Reasons, Procedure & Preparation For Duchenne Muscular Dystrophy Testing

Submitted on March 27, 2012

Muscular dystrophy is a disease in which the muscles of the body degenerate progressively. Nearly all forms of muscular dystrophy are genetic and completely incurable. These diseases will cause the death of the patient at an early age with the patient rarely being able to cross the age of 40 in the best case scenario. Two types of muscular dystrophy include Duchenne Muscular Dystrophy and Becker Muscular Dystrophy. Since these are genetically transmitted disease, the early tests for the presence of these conditions are undertaken with genetic testing, and with a creatine kinase test that measures muscle wastage.

Duchenne Muscular Dystrophy Testing

Duchenne is tested for with a DNA carrier testing for Duchenne Muscular Dystrophy. Between the two dystrophies: Duchenne and Becker, Duchenne is the worse of the two situations. In both of these diseases, the amount of a protein called dystrophin is affected. When dystrophin production is deficient, to the effect of the deficiency, one could end up with either dystrophy. Duchenne manifests with no dystrophin creation while Becker’s manifests with deficient creation.

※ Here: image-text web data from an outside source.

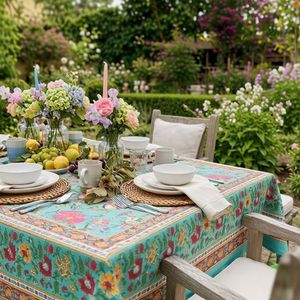 Flower Blossom Jade Gud Hand Block Printed Cotton <b>Tablecloth</b> 180x270cm Handmade Luxury Eco-friendly Designer Premium Dining Home - Product Image 5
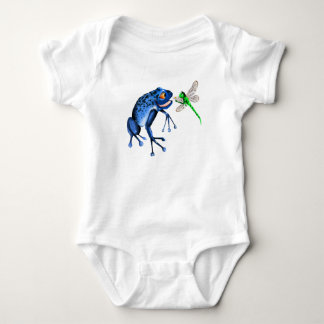 Body T-shirt bleu de grenouille et de libellule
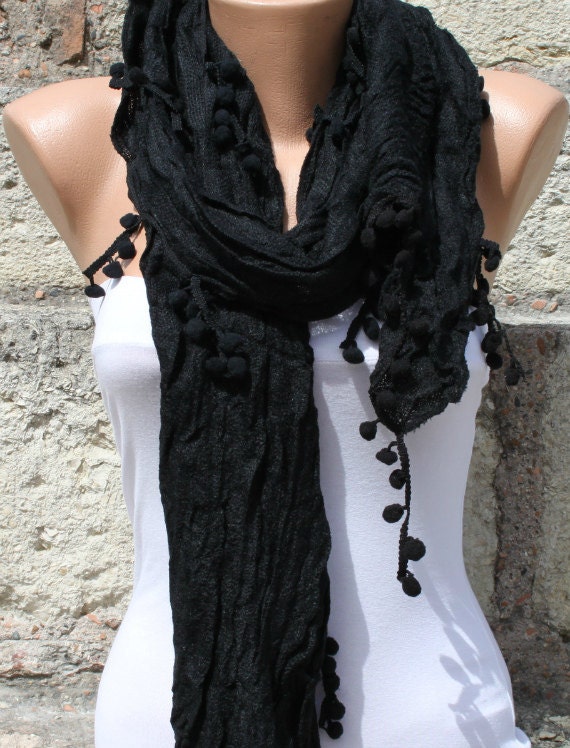 Black Women Shawl Scarf - Cowl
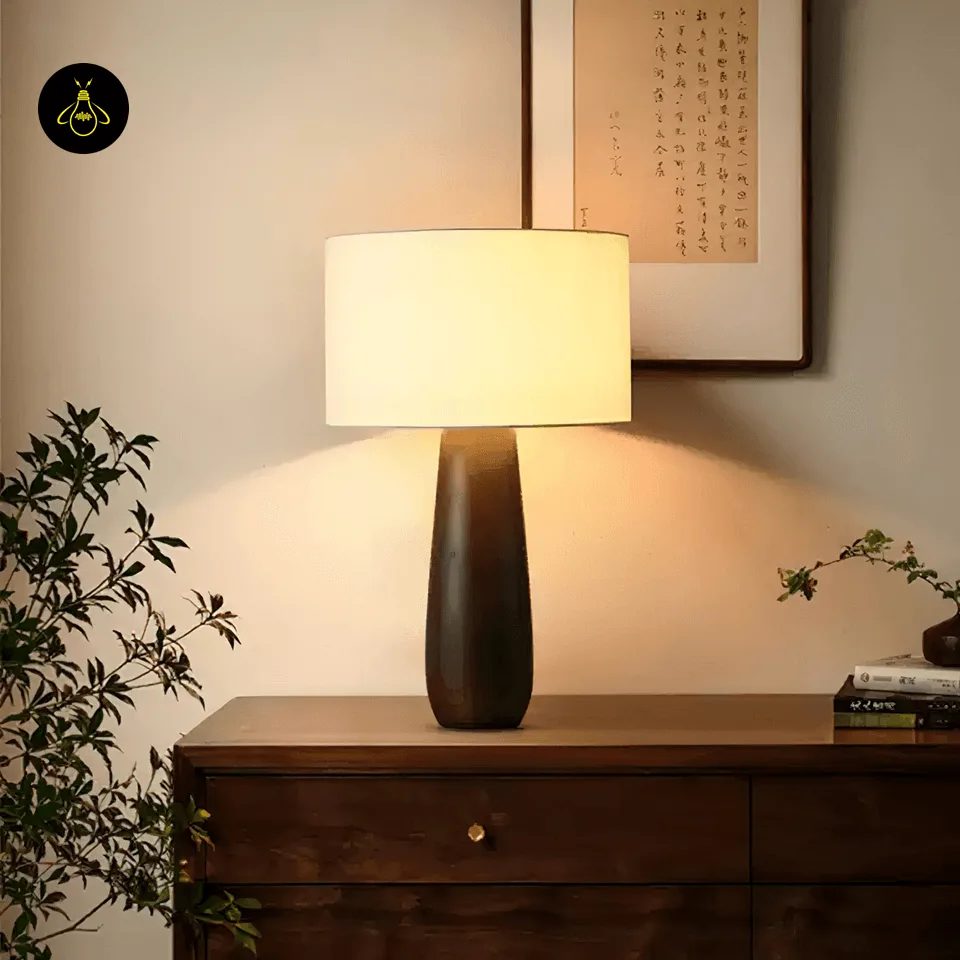 Wooden Table Lamp with Linen Shade – Sierra 50 cm Bedside Lamp 5 Wooden table lamp with linen shade glowing in a cozy living room corner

Reason Why It is Conducted

Carrier testing for Duchenne muscular dystrophy is performed with a DNA test and confirmation of a creatine kinase elevated level. DMD is usually found in carrier females on an X-linked recessive gene. The chances of it being passed on to an affected male are one in four and being a female carrier is also one in four. This disease is most commonly present in males because the gene for DMD is in the sex-linked area of a male chromosome.

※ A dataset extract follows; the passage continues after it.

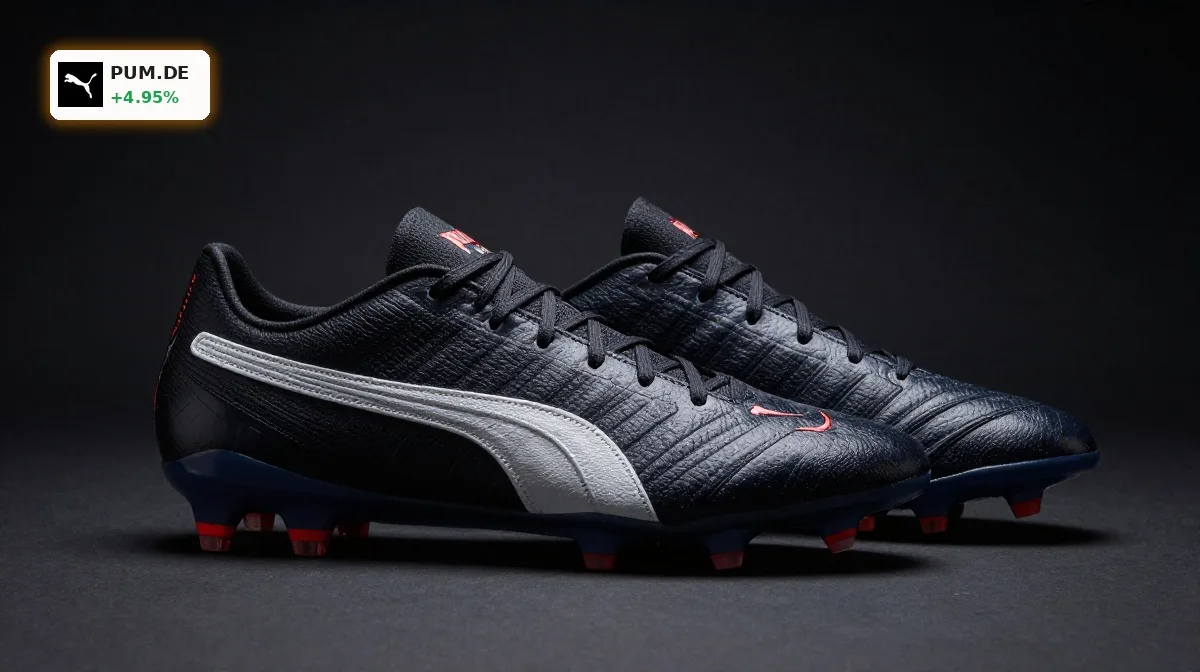 Puma Upgrade: Premium-Fußballschuh und Sneaker von Puma SE vor dunklem Hintergrund inszeniert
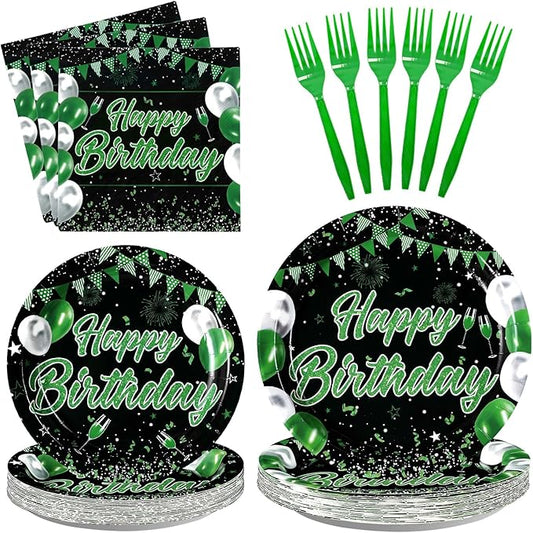Grencian 96 Pcs Green Black Birthday Decorations Plates Black and Green Silver Party Supplies for Men Disposable Birthday Tableware Set for Kids Adults graduation Party Favors Serves 24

Duchenne muscular dystrophy DNA carrier testing is a test that is done by taking a tissue sample or a sample of bodily fluids from which DNA can be extracted. Becker muscular dystrophy testing is conducted in much the same way and most of the diagnostic criteria between DMD and BMD are the same because of the similar pathophysiology of the disease. The only difference between the two lies in the amount of dystrophin deficiency that is associated with the disease.

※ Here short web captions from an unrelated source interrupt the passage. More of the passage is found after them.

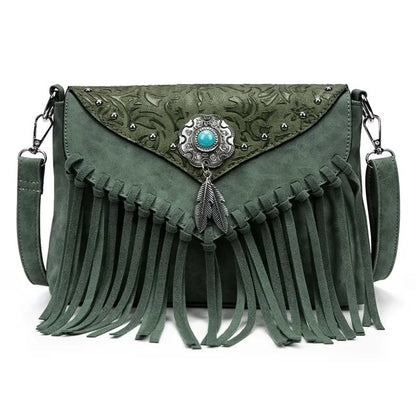 Christianartbag Handmade Leather Bag, Design Shoulder Bags For Women Vintage Messenger Rivet Tassel Designer Luxury Bags Ethnic Clutch Western Handbag, CABHMB03141023 - Christian Art Bag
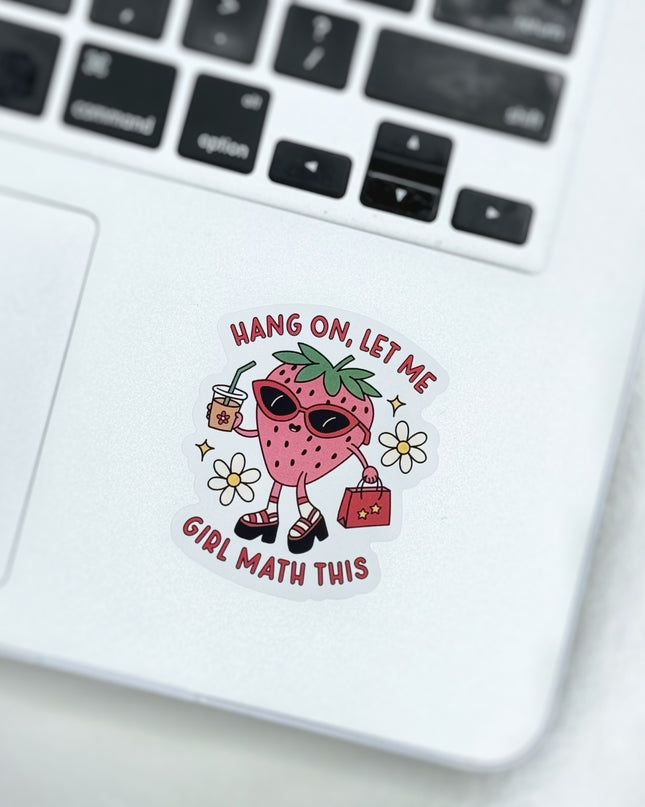 Hang On Girl Math Sticker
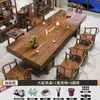 Conjunto de Mesa de Chá Grande e Cadeiras em Madeira Maciça, Mesa de Chá Doméstica Estilo Chinês, Conjunto para Preparo de Chá em Madeira Natural, Conjunto Completo de Mesa de Chá para Escritório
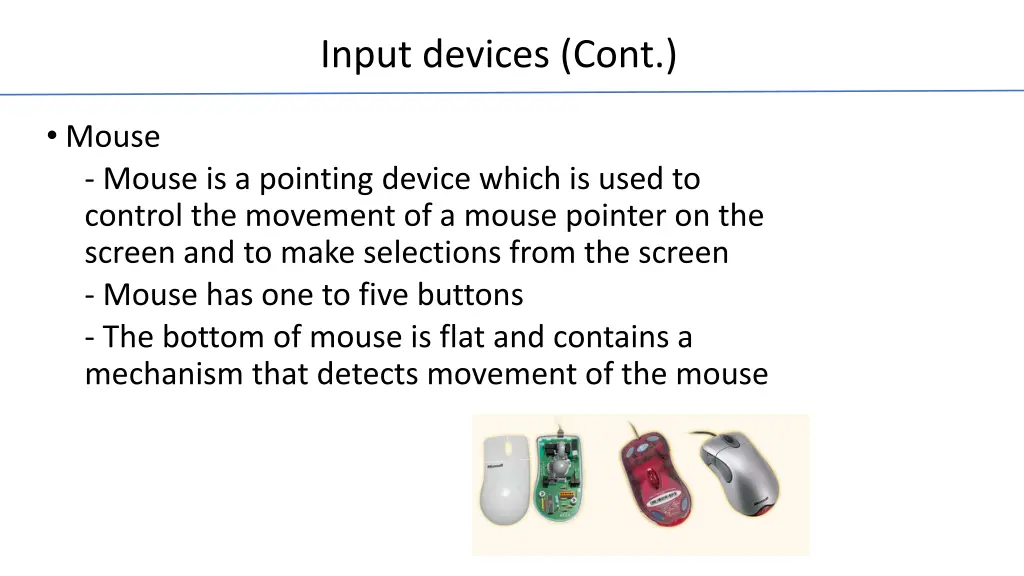 input devices cont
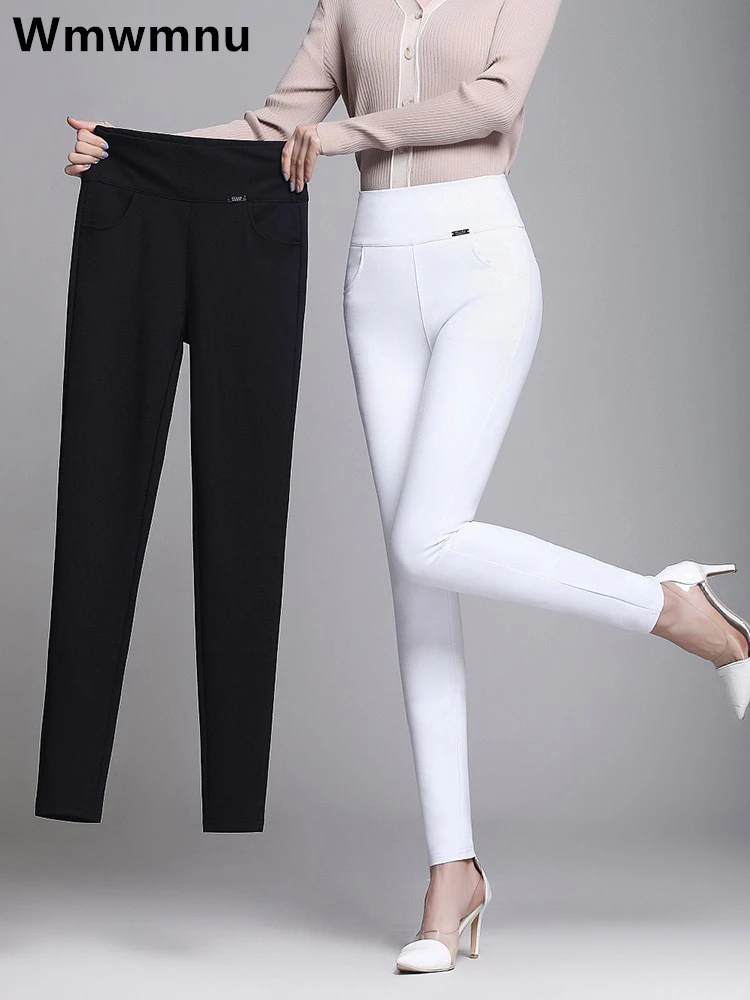 Women Slim High Wasit Pencil Pants Korean Casual Big Size 6xl Pantalones Elegant Office Spodnie Fashion Formal Leggings Trousers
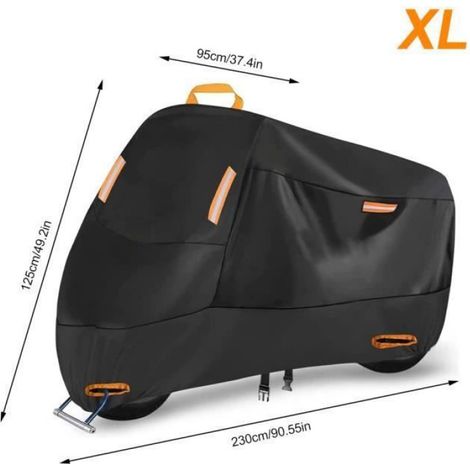 Housse De Moto - Polyester 210D Plaqué PU - Imperméable Universelle - Noir - XL (1/4)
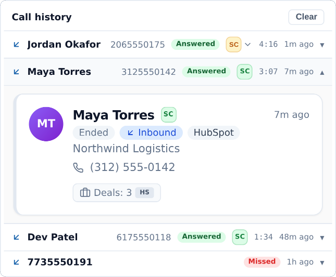 CallerIQ call history showing answered calls synced by SyncConnect, with the expanded call logged to HubSpot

There is no preparation when testing for Duchenne muscular dystrophy. This is a genetic test and nothing can really interfere with the test; however, it is important to note that once the test results come back as positive, a patient has to be mentally prepared for the consequences of the disease that include, massive muscular degeneration causing trouble in movement, breathing, digestion, heart function, and eventually death.